At June 30, 1994, the Company's accrual for environmental liabilities was $5.8
million. See "Legal Proceedings--Clean Air Act Matters" and Note 5 of Notes to
Condensed Consolidated Financial Statements..
21
PART II - OTHER INFORMATION
Item 1. Legal Proceedings
Tennessee Gas Contract. The Company is selling a portion of the gas from its
Bob West Field to Tennessee Gas under a Gas Purchase and Sales Agreement
which provides that the price of gas shall be the maximum price as calculated
in accordance with Section 102(b)(2) of the NGPA. Tennessee Gas filed suit
against the Company alleging that the gas contract is not applicable to the
Company's properties and that the gas sales price should be the price
calculated under the provisions of Section 101 of the NGPA rather than the
Contract Price. During June 1994, the Contract Price was $8.04 per Mcf, the
Section 101 price was $4.68 per Mcf and the average spot market price was
$1.76 per Mcf.
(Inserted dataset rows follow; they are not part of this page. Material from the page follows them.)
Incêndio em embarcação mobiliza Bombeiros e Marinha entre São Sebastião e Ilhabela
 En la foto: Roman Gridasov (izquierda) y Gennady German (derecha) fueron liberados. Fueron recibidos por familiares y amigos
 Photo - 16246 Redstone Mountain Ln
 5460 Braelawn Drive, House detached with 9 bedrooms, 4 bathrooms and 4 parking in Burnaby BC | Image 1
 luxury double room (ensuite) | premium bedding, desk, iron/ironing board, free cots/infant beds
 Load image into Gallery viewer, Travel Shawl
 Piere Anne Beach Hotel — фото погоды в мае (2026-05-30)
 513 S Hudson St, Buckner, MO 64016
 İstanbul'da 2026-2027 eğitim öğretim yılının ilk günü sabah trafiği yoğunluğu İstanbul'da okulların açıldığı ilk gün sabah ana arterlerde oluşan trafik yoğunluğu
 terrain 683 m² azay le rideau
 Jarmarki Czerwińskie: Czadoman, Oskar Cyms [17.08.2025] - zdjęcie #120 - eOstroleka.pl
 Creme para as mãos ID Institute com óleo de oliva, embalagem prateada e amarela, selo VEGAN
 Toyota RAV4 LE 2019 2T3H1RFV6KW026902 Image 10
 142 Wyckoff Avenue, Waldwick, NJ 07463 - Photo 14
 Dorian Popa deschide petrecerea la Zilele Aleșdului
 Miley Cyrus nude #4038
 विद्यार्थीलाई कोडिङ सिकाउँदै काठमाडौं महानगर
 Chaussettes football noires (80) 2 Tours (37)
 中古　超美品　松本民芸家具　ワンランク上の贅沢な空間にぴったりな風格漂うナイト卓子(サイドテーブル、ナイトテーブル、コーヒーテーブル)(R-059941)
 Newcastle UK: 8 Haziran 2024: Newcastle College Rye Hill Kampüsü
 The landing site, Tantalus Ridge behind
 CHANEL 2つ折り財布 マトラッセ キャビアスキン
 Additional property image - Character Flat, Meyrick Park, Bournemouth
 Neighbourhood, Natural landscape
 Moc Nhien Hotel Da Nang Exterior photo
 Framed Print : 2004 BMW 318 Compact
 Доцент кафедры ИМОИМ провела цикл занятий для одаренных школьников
Tennessee Gas also claimed that the contract should be
considered an "output contract" under Section 2.306 of the Texas Business and
Commerce Code and that the increases in volumes tendered under the contract
exceeded those allowable for an output contract. The Company continues to
receive payment from Tennessee Gas based on the Contract Price for all
volumes that are subject to the contract, subject to whether Tennessee Gas
posts a supersedeas bond as discussed below.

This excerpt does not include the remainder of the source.